*** MATERIAL PROVIDED

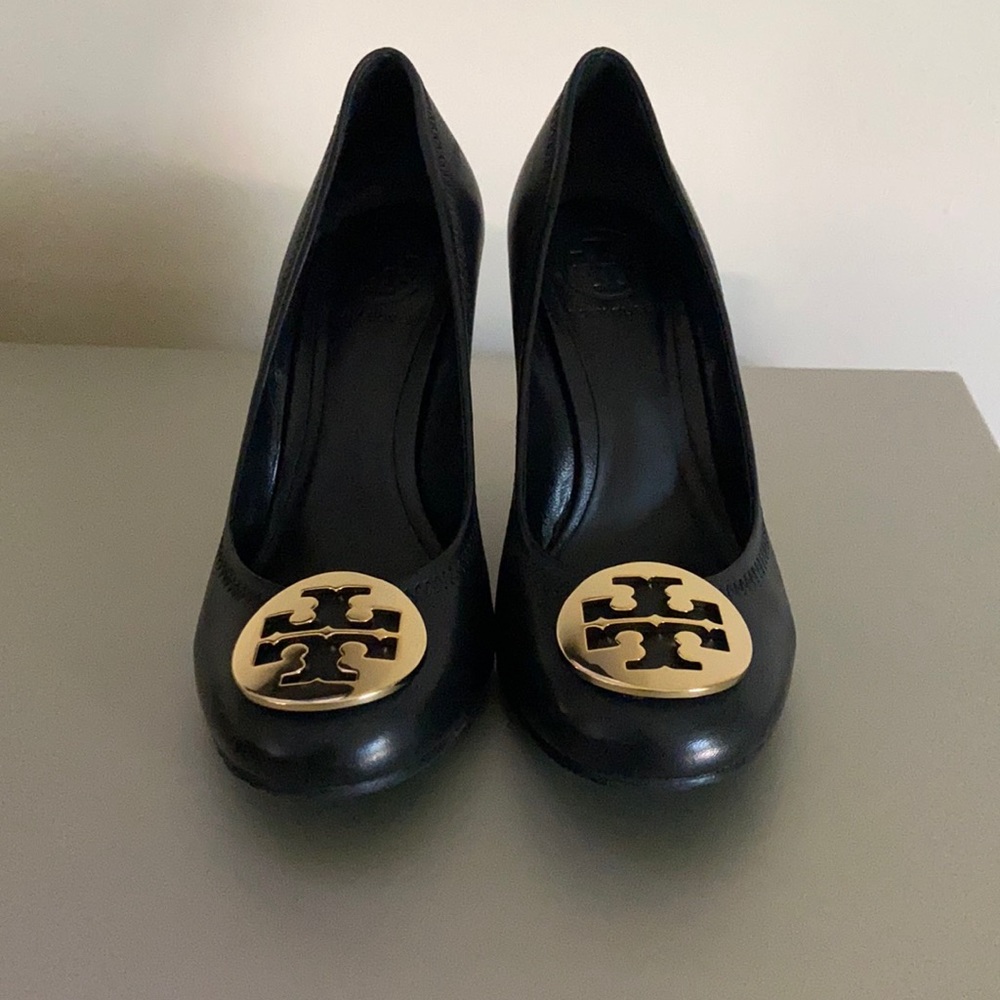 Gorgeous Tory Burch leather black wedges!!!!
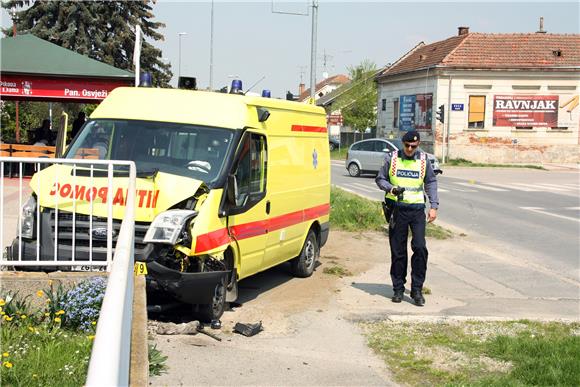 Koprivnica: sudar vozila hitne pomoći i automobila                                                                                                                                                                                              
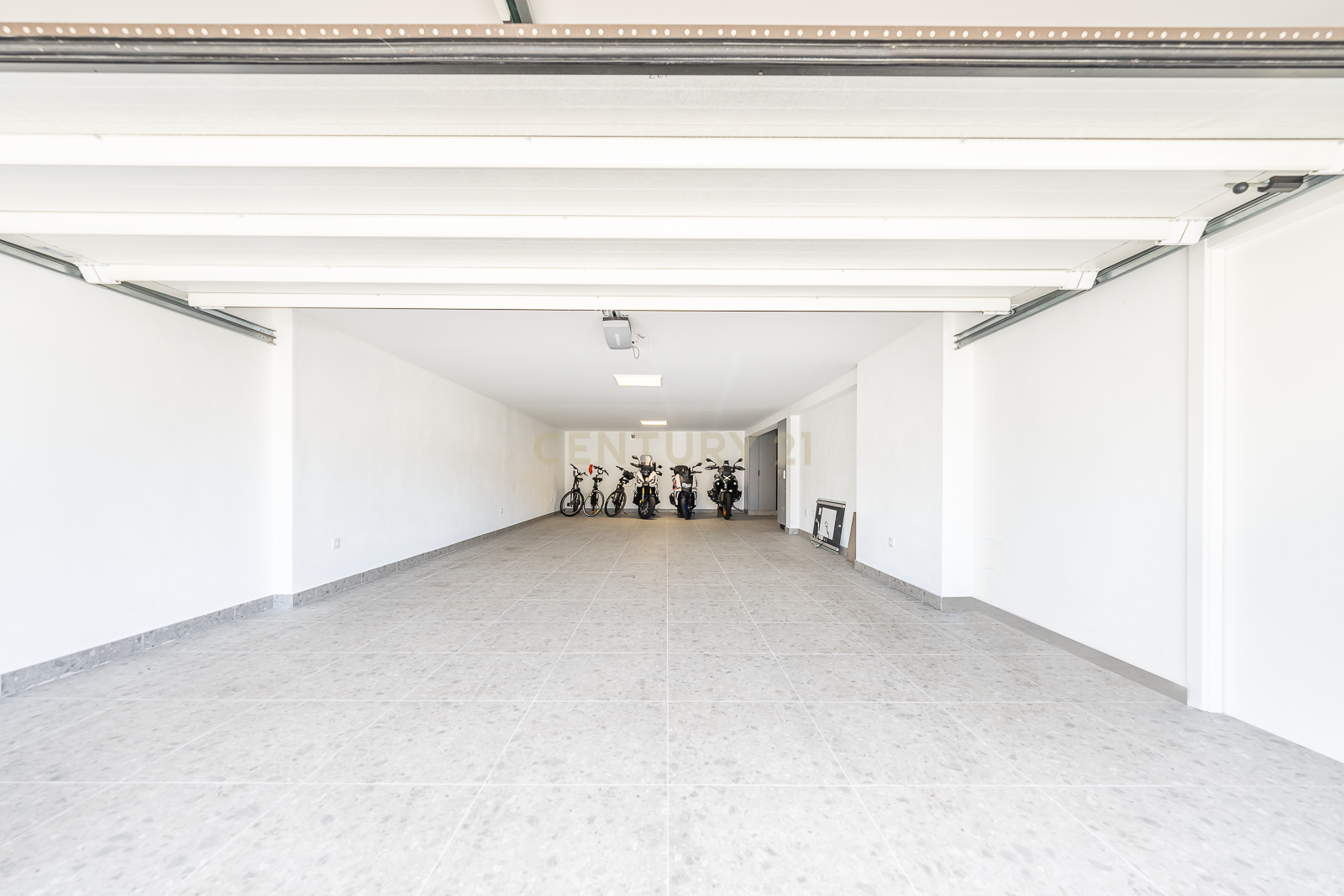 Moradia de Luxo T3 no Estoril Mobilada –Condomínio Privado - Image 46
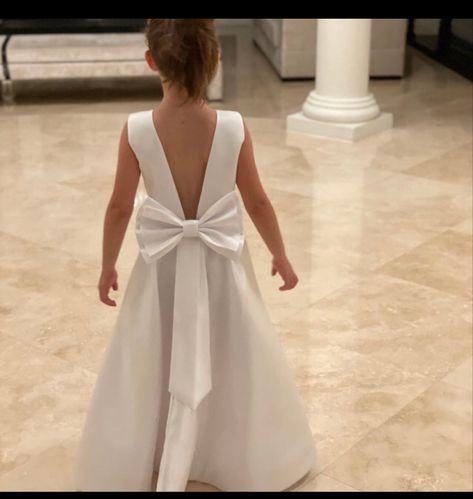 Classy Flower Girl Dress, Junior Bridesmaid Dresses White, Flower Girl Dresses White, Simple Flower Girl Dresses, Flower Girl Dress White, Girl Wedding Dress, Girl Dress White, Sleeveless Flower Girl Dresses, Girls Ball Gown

******

▶ WHAT THE TASK REQUIRES
What you return must match, character for character, the lines above from the one with "Koprivnica: sudar vozila" through the one with "Moradia de Luxo", minus any pictures.

▶ ANSWER SECTION
 Koprivnica: sudar vozila hitne pomoći i automobila                                                                                                                                                                                              
 Moradia de Luxo T3 no Estoril Mobilada –Condomínio Privado - Image 46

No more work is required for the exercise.